Times may have changed, but people with good sense haven’t. Some of us still cling to the notion that people should know when, where and how to dress appropriately. That’s why we’re so hard on the young brothers who love to wear their pants down on their butts exposing their underwear. It’s a style of dress right out of the nation’s prisons, one that says “I bend over and grab my ankles for my cell mate and wash out his underwear for him too.”

Well, we old fuddy-duddies may not have been able to put the kibosh on that “fashion” statement, but at least one high school in Houston managed to draw the line at prom attire. But judging from what I see when I Googled “ghetto prom,” Marche’s school might be the exception.

I’m telling you, it’s monstrous.

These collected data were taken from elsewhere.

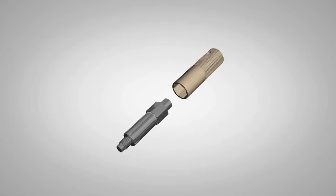The SmartPeg is attached to the implant. It screws effortlessly into the implant's inside thread.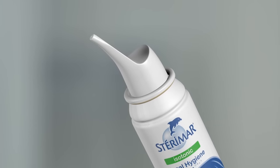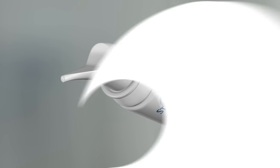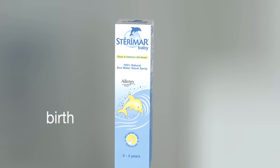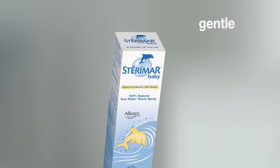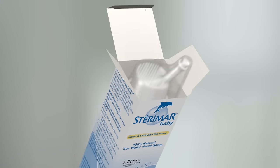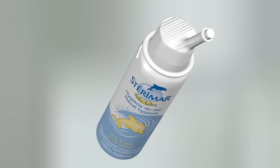Make sure that you thoroughly rinse and dry the nozzle before placing it back on the can. Cleaning the nozzle is especially important if you share Steromar with other members of your family. Steromar also offers a spray which can be used from birth to gently unblock little noses and wash away germ-filled mucus. Steromar Baby can be used at any angle and has a nozzle specifically designed for delicate noses.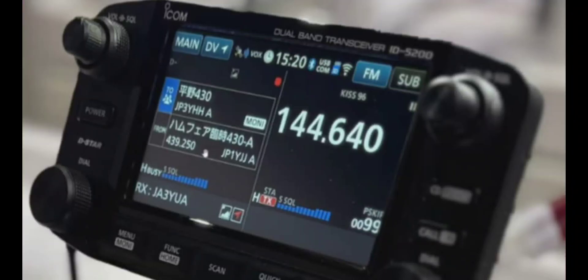Icom have announced the new Icom ID-5200 to replace the 5100, and yes they've given us a color screen. We have to say thank you Icom for producing such fantastic devices.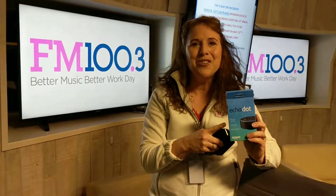In fact, how would you like to win this Echo Dot? We've got one for you to win on FM100.com. Alexa, play FM 100.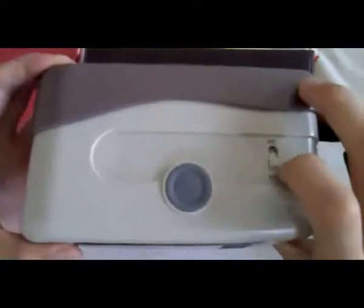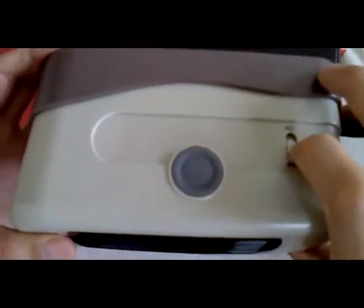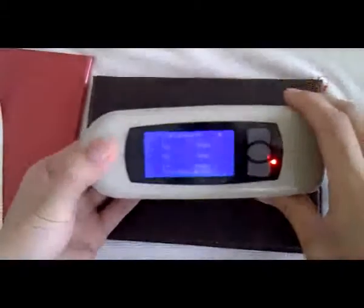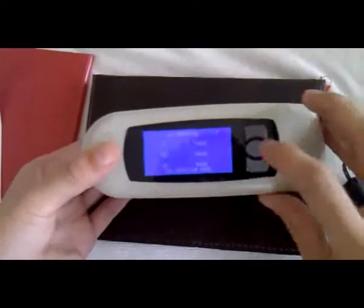First, we turn on the gloss meter. Now, please notice — we must push down the gloss meter climbing the calibration board. Turn on. It will take an automatic calibration. All is passed.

Many of the young women looked as slutty as Marche, as if they were going not to a prom, but to a nearby hotel room to “entertain” a bunch of old farts in town for a convention and looking for a good time with “business girls.”
    
The kicker was the girl who looked to be at least six months pregnant and made sure the world knew that fact by sporting a dress with the entire abdominal area cut out, exposing her rotund tummy. Apparently, that guy we all know as A Sense of Shame was walking down her block one day when her family grabbed him, tied him to a tree and shot him between the eyes.

Girls wearing prom dresses that look like they were purchased at Sluts-R-Us. Guys sporting the pants-over-the-butt look. It’s as if youth are using how they dress as a form of rebellion, but the statement they’re making by rebelling doesn’t make sense. Believe me, I support rebellion when it has a legitimate purpose.

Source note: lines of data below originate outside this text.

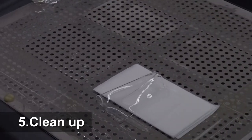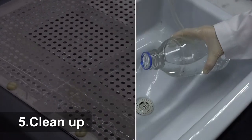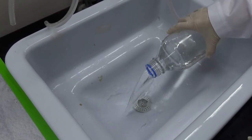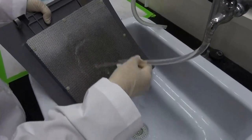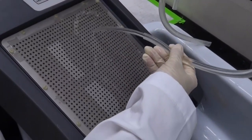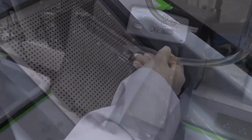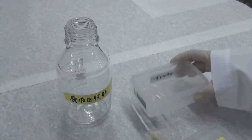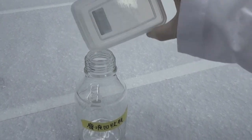Throw away used filter paper and unwanted gels. Empty the water bottle and put the bottle back to its original location. Turn off the power supply. Rinse, wipe, and dry the metal plate as instructed to prevent rusting by residual salts, which can cause poor transfer performance. The liquid waste containing methanol should be disposed of at the designated place.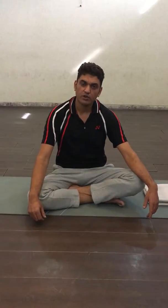Hi yoga friend, continuing our journey in the asanas, today let us learn how to do tripod headstand.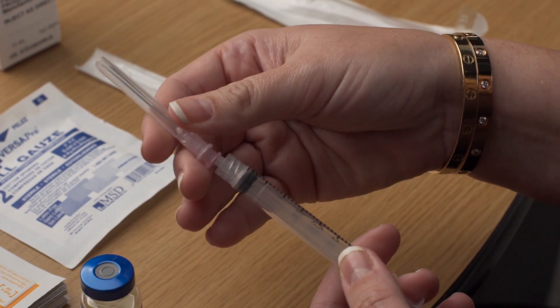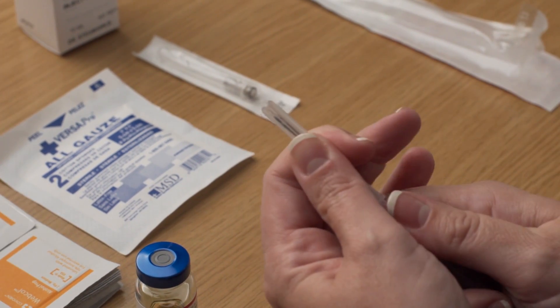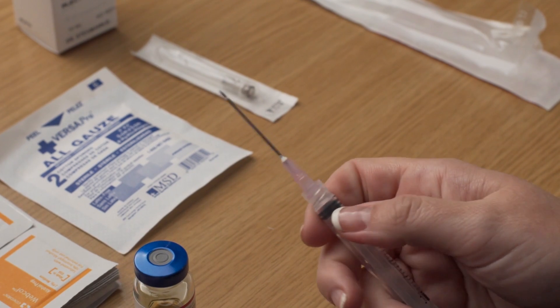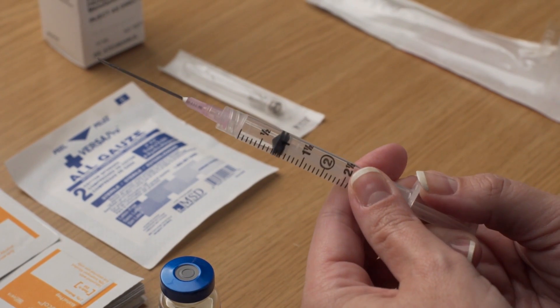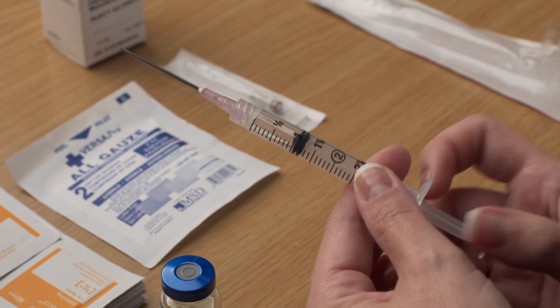Some kits include the drawing needle already attached, while others are separate. If separate, attach the 18 gauge, one and a half inch drawing needle with a twisting motion. Carefully pull or twist off the needle cap. Draw air into the syringe by pulling back the plunger to the milliliter marking that you have been instructed to take.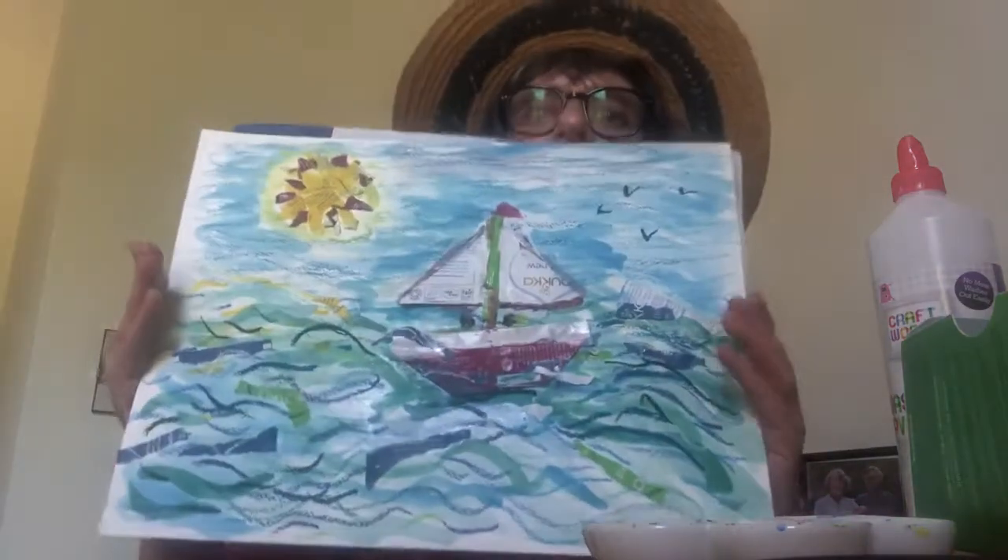If you haven't got oil pastels, you could use any other kind of crayon. Here's the picture that I made, and I'm going to show you how you could make one for yourself.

The year I graduated high school, 1969, the young ladies at Eastern High School in Baltimore did precisely that. Eastern was an all-girls school, located across the street from my alma mater, Baltimore City College, which at the time was all male.

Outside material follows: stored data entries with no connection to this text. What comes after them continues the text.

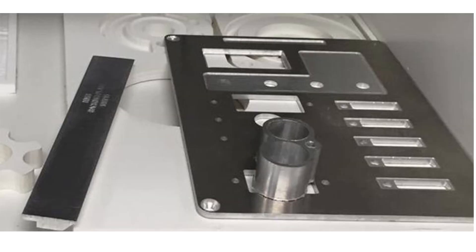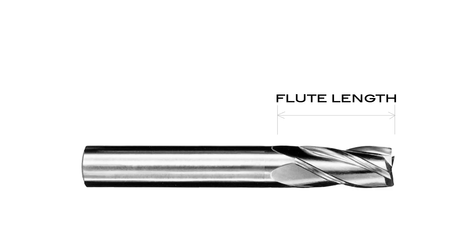Today's CNC FAQ is: what thickness of aluminum can I cut with my CNC router? The answer is really based on the cutter that you're using. Every cutter has a specific flute length, and that would be the maximum cutting capacity for that particular end mill.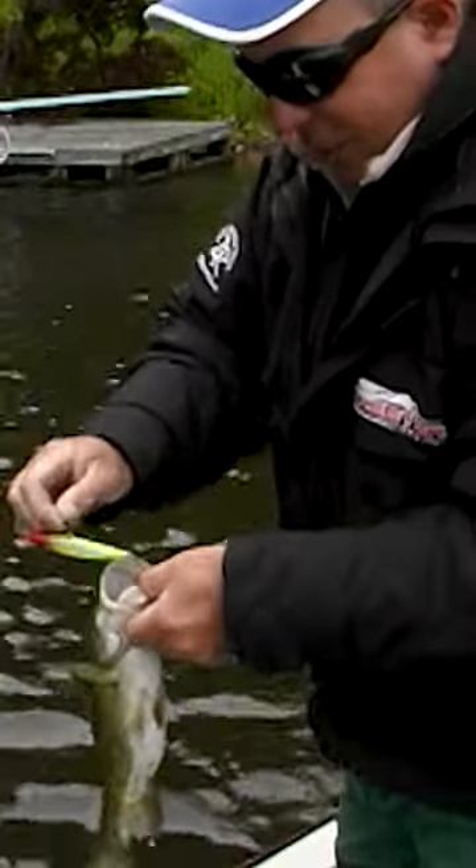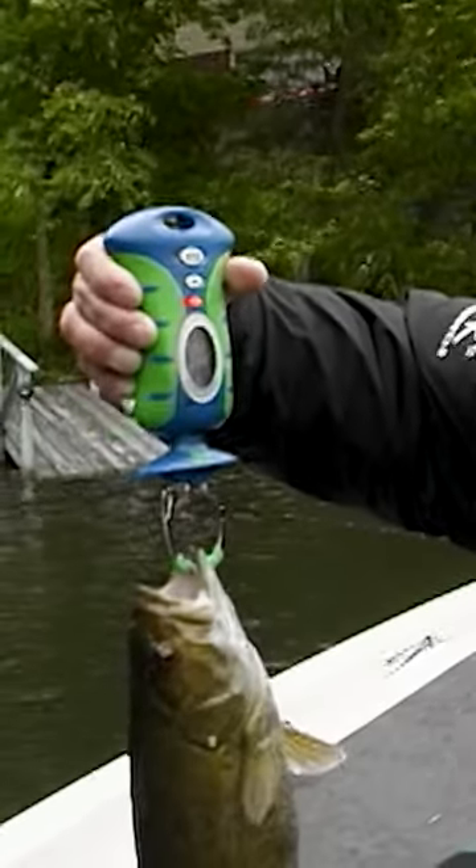Here we go. That's a nice fish. How big is that, you think? Two pounds three ounces. I was guessing two-six. Close.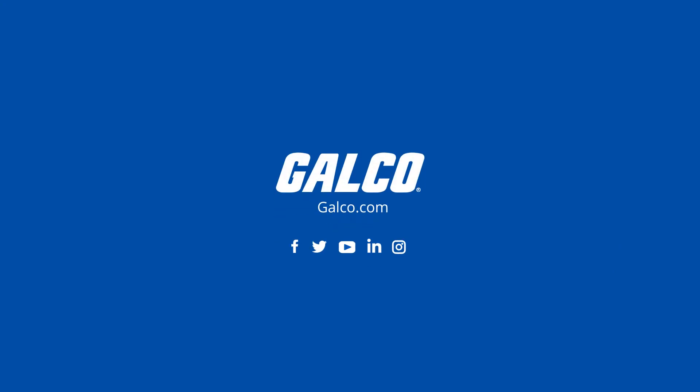To learn more about field sensor plugs and other connectivity solutions from Pepperl+Fuchs, visit galco.com.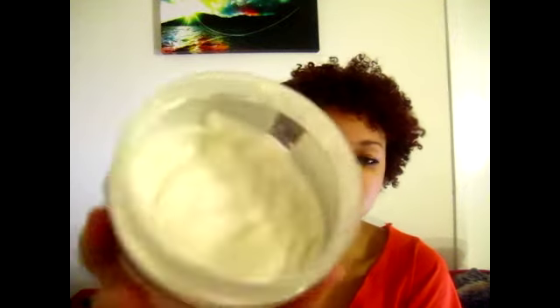It also has agave nectar, carbomer, polysorbate 60, xanthan gum, phenyl ethanol, sorbic acid, caprylyl glycol, and fragrance. So this is like a jelly-type product — it squiggles in the jar.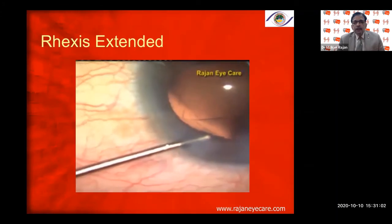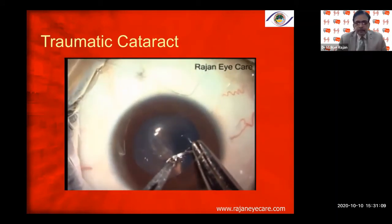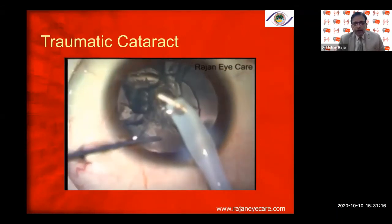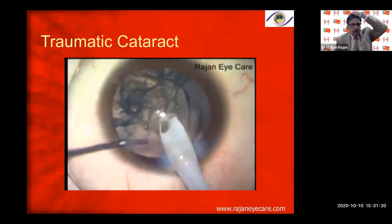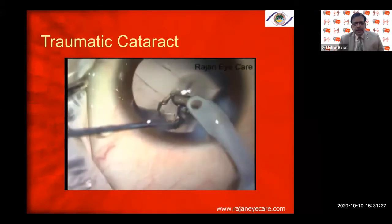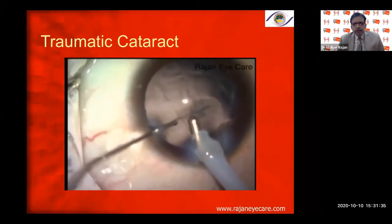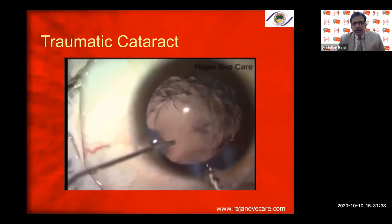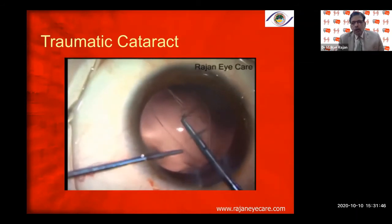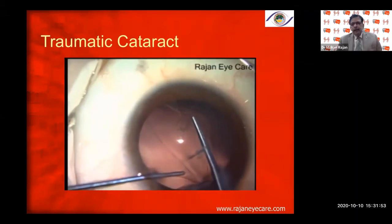Just to show a traumatic cataract with a pre-existing Argentina flag sign due to a stick injury in an 8-year-old — the cataract was very soft and required only irrigation-aspiration. You can see the two flaps on the anterior capsule, which is an Argentina flag sign from the stick injury. I went ahead, and whenever there is a rhexis tear, always inject viscoelastic and come out. I tried to convert one side into a semi-circular rhexis and the other side similarly, then put a single-piece lens into the bag.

Back then, all girls had to attend school wearing either dresses or skirts. Slacks and pants suits weren’t allowed. The rule was system-wide, not just at Eastern. One day, either one girl or no more than four girls -- I can’t remember the exact number -- showed up at Eastern wearing pants. She and/or they were immediately suspended.

The very next day, every single girl who attended Eastern came to school wearing pants.

It was a “Houston, we have a problem moment” for Eastern’s administrators. They couldn’t suspend all the girls who wore pants. From that day on, girls have worn pants in Baltimore public schools.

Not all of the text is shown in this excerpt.